Three projects that OSE worked on have won 2021 Lucy G. Moses Preservation Awards from the New York Landmarks Conservancy. That’s good news and, considering that the awards are given to the project as a whole, it’s good news for a lot of firms other than just us. Our congratulations to all, since successful completion of a project is always the result of work by multiple people at multiple firms. I want to briefly describe the three projects, as they run the full range of possible involvement.

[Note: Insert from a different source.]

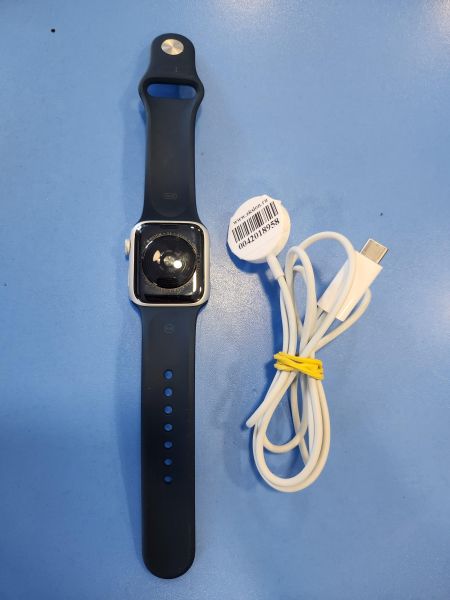 Купить Apple Watch SE 40mm (A2351) с СЗУ в Иркутск за 4800 руб.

First, is the Serbian Orthodox Cathedral of St. Sava, seen above and below. I’ve written about this project multiple times, so I’m summarize it rebuilding the exterior shell of the building after a catastrophic fire. This is only the first phase of the reconstruction work, but the others obviously depend on this scope having been completed. Our work here was a larger percentage of the total than in a normal project, but still performed in coordination with the Zivkovic Connolly Architects, G. P. J. O’Donoghue Contracting Corp., and Feinstein Iron Works.

Second is the Central Presbyterian Church, where we were in our most usual role, providing structural engineering in support of an architectural restoration by Walter B. Melvin Architects and the design of a new mechanical equipment installation by Goldman Coopeland Consulting Engineers.

The third is Nine Orchard Street, where we working on a small but knotty facade masonry problem for the general contractor, O&D Builders. We were not the engineers for the overall project and may well very not be listed as one of the contributing firms on the award.

It is something of a cliché that engineers don’t get recognition, but it really is true. The first article that came up in a web search when I looked for the Steinway Tower – the most slender of the slender super-tall skyscrapers on Billionaires Row – mentions two different architecture firms involved with the building but not the structural engineer. Given that it is one of the tallest and most slender buildings in the world, you’d think the engineers might be mentioned. For the record, it’s WSP. Engineers get used to this neglect, and I think take some kind of perverse pride in working behind the scenes. When you’re in this position, the work has to be its own reward, and I will say that we try as hard to get the right solution when our work is as obscure as it can be as we do when it is central, as at St. Sava.

In any case, yay! Awards! I’ll write more about the projects when the Lucy Moses virtual ceremony rolls around in May.